Big Brother played their first gig in January of 1966, six months before Janis Joplin joined them. When they decided that they wanted another vocalist in the band, Chet Helms suggested his friend from Austin, Texas, Janis Joplin. On paper, it seems like an odd match: Big Brother was known for their energy and power—in retrospect, they seem like a punk band—but Joplin had never sung with a rock band before. Yet they found common ground in their love of blues and folk music, and they quickly discovered that Joplin could “bring it,” as Dave Getz said last week in the interview we filmed. Her voice had the power that made her a perfect fit.  Although we associate them with the psychedelic scene in San Francisco, the members of Big Brother all had experience in rock and roll bands in the late 1950s. In many ways, their story was similar to Dylan’s—they were hooked by the first generation rock and rollers like Little Richard but moved on to acoustic blues and folk music by the early 1960s. Those roots are reflected in their early shows with Joplin, which included everything from “Oh! My Soul” to “Coo Coo.”

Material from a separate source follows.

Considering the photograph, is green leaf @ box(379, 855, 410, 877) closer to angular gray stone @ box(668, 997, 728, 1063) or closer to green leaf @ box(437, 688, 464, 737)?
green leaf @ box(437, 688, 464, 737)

In their onstage interview, the band described the whirlwind of changes they went through during the first year integrating Joplin into the band.  Sam Andrew described the process as a real give and take–they knew when to lay back and let Janis do her own thing, and she learned when to step back and let the band do their thing.  Sam, Dave, and Peter also spoke about Big Brother’s experiences in the recording studio and their attempts to capture the power and energy of their live sound.  They only recorded two official albums with Janis: Big Brother and the Holding Company (released in August 1967) and Cheap Thrills (released August 1968). As they described on stage, they recorded the albums under very different circumstances—the first album was recorded almost entirely live in a studio designed for jazz recording, while the second album featured multitracking and overdubbing.

Big Brother and the Holding Company has released some terrific archival material in recent years including Live at Winterland ’68, a recording from April of that year, when the band was at their peak with Joplin, and The Lost Tapes, which features a live performance from the summer of 1966 and some studio outtakes. A fascinating documentary, 900 Nights, has also been released on DVD, and features great performance footage and interviews with Andrew, Getz, Albin and original guitarist James Gurley. You can read more about Big Brother’s career and current touring schedule here: www.bbhc.com.

Sam, Dave and Peter: thanks for a great day, and good luck on the European tour!